If you're already having to pass in an explicit generic with let k = x.dictionaryKeys<string>();, I don't really see why this is any better than let k = Object.keys(x) as string[];.

You could use a function that types the array of keys based on the object, which you need to use carefully for the reasons in the thread linked by @jcalz.

const typedKeys = <T extends Record<string, any> & Record<number, never>>(obj: T): (keyof T)[] => {
    return Object.keys(obj);
}

Link

If we don't include that Record<number, never>, we actually can still pass in numeric keyed objects (due to the way things are implemented behind the scenes), and we will get bad results.

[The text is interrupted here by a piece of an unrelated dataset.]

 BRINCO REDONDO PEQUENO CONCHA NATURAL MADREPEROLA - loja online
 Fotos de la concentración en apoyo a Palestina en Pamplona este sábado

const typedKeys = <T extends Record<string, any>>(obj: T): (keyof T)[] => {
    return Object.keys(obj);
}

const a = {
    1: "",
    2: "",
};

const b = {
    one: "",
    two: "",
};

const aKeys = typedKeys(a); // we might expect a problem passing in an object with numeric keys, but there is no error
console.log( aKeys );  // BEWARE: typescript says the type is `(1|2)[]`, but the values are `["1", "2"]`

const bKeys = typedKeys(b);
console.log( bKeys ); // this one is fine

Link

You could use a function that allows you to explicitly declare the key type. Here the generic describes the keys rather than the object, so I am calling it K for clarity. We use as K[] to narrow the type to a subset of string. Since Object.keys returns string, we cannot return anything that is not assignable to string[].

const typedKeys = <K extends string>(obj: Record<K, any> & Record<number | symbol, never>): K[] => {
    return Object.keys(obj) as K[];
}

const b = {
    one: "",
    two: "",
};
 
const bKeys = typedKeys(b); // type is ("one" | "two")[], with no generic, the type is infered to these specific keys

const stringKeys = typedKeys<string>(b); // type is string[]

const badKeys = typedKeys<number>(b); // error type 'number' does not satisfy the constraint 'string'

Link